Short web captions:
○ ○ ○ ○ ○

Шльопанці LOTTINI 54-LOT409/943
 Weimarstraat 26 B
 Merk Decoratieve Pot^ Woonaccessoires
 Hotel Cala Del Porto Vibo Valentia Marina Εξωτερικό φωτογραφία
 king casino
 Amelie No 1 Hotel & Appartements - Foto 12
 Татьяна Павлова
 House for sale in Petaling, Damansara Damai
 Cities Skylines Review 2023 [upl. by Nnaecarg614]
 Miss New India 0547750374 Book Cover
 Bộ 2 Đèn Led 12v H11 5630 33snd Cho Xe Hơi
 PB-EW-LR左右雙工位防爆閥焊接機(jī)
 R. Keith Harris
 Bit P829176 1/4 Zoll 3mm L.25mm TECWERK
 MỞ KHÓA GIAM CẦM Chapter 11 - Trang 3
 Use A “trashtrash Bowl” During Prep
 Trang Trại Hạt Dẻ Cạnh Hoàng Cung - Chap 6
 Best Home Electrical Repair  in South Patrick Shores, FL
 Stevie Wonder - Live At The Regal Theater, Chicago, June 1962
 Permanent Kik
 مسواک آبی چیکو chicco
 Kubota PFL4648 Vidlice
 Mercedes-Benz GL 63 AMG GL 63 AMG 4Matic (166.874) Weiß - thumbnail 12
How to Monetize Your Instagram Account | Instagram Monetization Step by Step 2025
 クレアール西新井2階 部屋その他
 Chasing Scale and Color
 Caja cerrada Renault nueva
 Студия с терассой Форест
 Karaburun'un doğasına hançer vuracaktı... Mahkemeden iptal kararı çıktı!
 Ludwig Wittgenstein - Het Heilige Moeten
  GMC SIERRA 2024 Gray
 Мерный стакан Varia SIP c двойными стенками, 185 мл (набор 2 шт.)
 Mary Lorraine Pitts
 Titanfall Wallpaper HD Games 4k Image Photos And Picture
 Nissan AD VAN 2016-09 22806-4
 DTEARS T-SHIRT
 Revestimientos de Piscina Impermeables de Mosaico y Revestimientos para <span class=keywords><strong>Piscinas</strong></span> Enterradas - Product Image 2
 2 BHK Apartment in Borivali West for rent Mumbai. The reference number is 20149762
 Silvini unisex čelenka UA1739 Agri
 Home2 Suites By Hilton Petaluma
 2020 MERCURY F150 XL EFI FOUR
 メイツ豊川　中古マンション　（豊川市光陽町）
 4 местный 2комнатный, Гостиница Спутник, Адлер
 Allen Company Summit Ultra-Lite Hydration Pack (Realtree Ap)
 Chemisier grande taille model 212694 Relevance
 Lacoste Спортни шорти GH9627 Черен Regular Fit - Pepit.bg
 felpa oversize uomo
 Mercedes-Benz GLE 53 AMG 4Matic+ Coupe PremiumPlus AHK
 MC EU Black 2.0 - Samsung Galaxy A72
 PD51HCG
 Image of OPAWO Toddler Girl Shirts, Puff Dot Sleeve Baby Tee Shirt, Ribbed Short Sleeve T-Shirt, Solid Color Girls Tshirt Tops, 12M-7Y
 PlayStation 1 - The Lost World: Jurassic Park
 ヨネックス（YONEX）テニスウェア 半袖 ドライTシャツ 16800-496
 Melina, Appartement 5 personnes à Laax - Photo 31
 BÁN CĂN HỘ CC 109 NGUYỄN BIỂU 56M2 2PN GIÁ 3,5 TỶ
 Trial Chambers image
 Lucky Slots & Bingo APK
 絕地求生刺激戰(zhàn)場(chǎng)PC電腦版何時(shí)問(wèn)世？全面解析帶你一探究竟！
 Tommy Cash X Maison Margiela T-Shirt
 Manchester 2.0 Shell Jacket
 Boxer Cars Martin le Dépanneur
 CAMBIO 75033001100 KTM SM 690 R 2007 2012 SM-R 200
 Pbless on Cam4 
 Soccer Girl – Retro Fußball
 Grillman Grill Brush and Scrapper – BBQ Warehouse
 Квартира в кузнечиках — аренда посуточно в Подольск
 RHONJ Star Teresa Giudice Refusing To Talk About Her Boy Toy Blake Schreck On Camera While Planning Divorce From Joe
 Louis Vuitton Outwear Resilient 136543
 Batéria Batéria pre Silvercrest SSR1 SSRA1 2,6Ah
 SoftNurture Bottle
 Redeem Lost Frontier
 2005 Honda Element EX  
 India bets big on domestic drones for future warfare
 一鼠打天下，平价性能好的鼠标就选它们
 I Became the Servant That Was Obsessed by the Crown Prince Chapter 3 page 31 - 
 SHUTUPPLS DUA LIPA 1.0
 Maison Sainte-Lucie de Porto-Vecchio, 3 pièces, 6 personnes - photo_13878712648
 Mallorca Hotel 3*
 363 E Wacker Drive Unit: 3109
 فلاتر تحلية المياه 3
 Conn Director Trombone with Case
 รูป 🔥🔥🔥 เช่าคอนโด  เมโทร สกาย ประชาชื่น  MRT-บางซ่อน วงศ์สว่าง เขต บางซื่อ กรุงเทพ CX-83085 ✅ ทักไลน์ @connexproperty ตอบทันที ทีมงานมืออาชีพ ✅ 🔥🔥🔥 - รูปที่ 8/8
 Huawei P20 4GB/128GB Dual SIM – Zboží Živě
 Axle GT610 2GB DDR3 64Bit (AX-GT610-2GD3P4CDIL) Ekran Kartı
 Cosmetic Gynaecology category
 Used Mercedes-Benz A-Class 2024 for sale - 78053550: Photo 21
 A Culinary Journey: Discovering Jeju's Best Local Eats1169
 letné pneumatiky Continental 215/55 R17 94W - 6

○ ○ ○ ○ ○

■ **Problem statement**
Counting every line of the records above that has the word "Trang", state the total and give nothing besides it.

■ **Task solution**
2